The answer must consist only of the lines in the records below from the line with "This is N-Log" to the line with "Now I'm using", both included, copied word for word with every picture left out.
======== Data to use ========
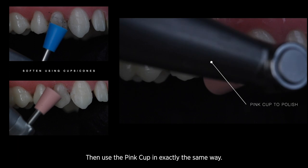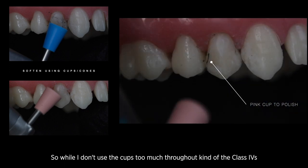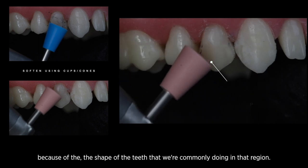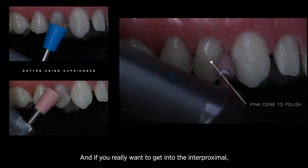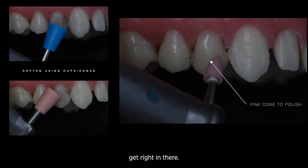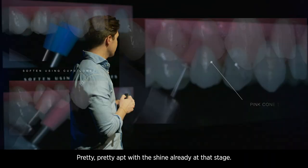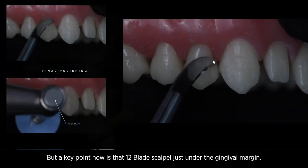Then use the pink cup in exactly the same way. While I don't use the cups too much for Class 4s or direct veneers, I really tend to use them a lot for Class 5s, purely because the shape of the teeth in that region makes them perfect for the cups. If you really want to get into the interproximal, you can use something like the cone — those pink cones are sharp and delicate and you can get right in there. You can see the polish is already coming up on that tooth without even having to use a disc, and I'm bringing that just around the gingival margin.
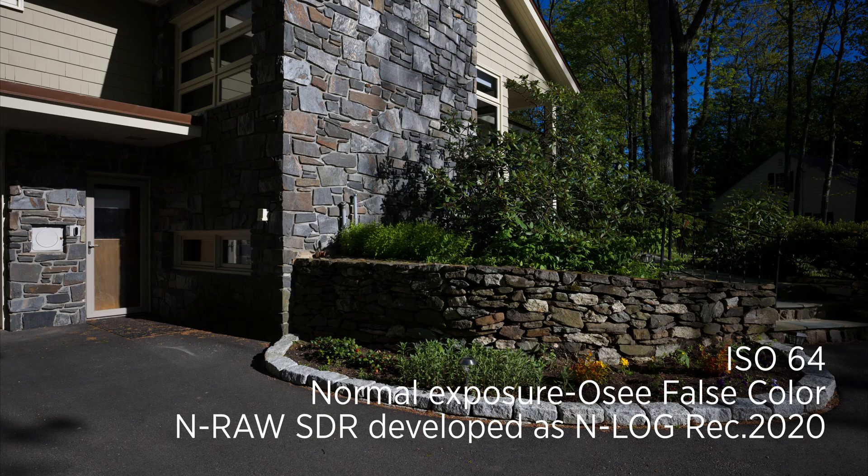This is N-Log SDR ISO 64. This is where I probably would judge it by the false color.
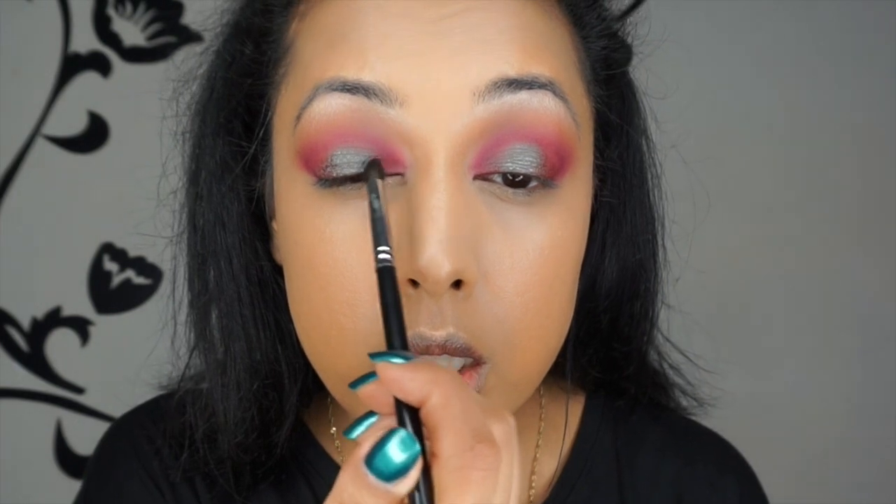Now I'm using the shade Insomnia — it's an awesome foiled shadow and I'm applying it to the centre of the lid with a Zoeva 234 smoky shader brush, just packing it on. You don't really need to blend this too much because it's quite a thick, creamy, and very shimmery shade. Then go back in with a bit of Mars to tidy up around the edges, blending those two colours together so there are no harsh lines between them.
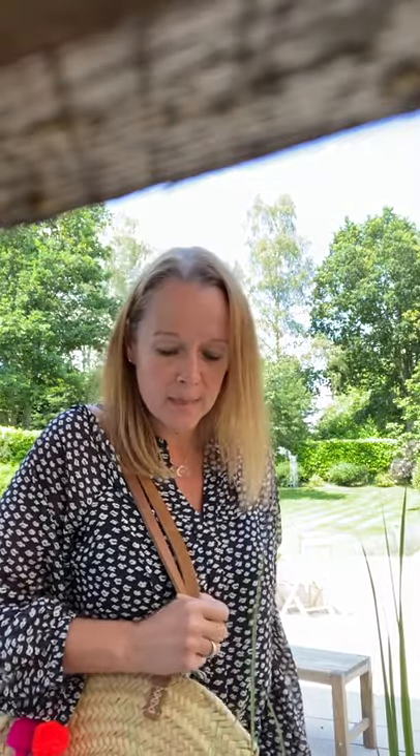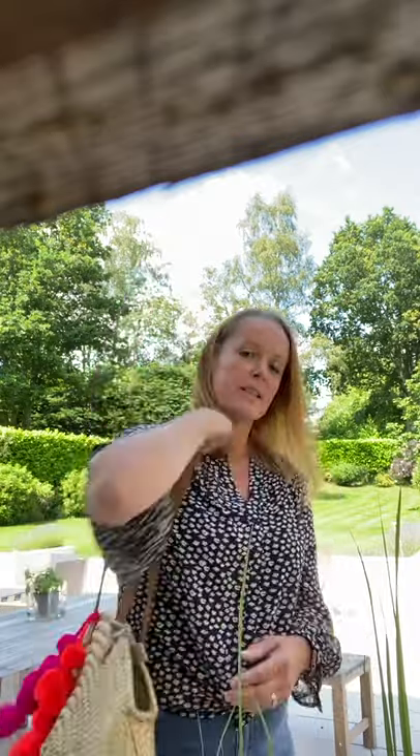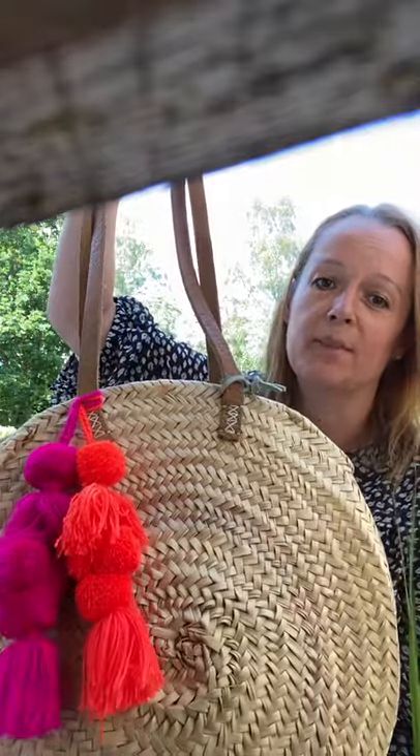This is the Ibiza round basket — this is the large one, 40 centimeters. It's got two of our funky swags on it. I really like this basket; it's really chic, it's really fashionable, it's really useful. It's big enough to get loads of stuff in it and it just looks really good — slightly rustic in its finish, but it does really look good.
========
======== Data to use ========
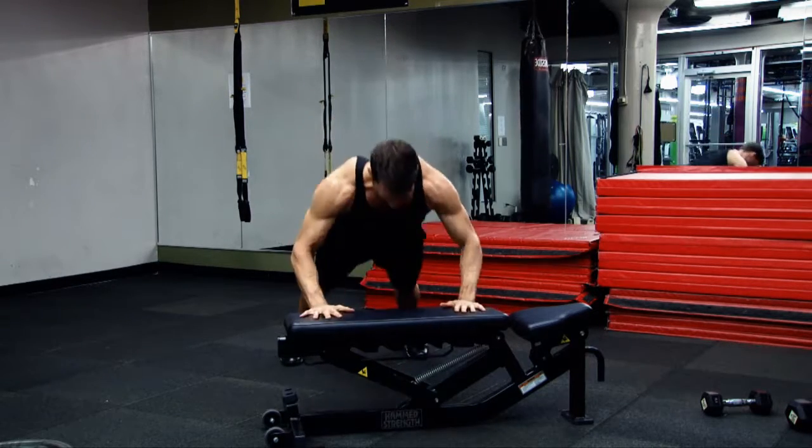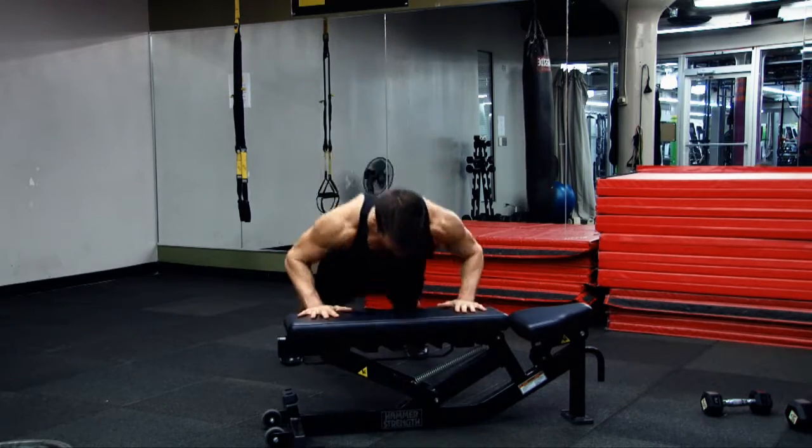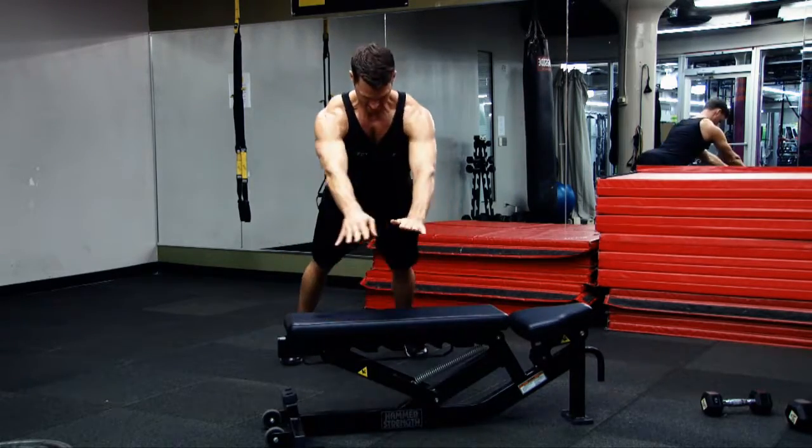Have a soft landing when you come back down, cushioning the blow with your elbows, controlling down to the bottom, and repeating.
========
• _Solution to this problem_
This is N-Log SDR ISO 64. This is where I probably would judge it by the false color.
Now I'm using the shade Insomnia — it's an awesome foiled shadow and I'm applying it to the centre of the lid with a Zoeva 234 smoky shader brush, just packing it on. You don't really need to blend this too much because it's quite a thick, creamy, and very shimmery shade. Then go back in with a bit of Mars to tidy up around the edges, blending those two colours together so there are no harsh lines between them.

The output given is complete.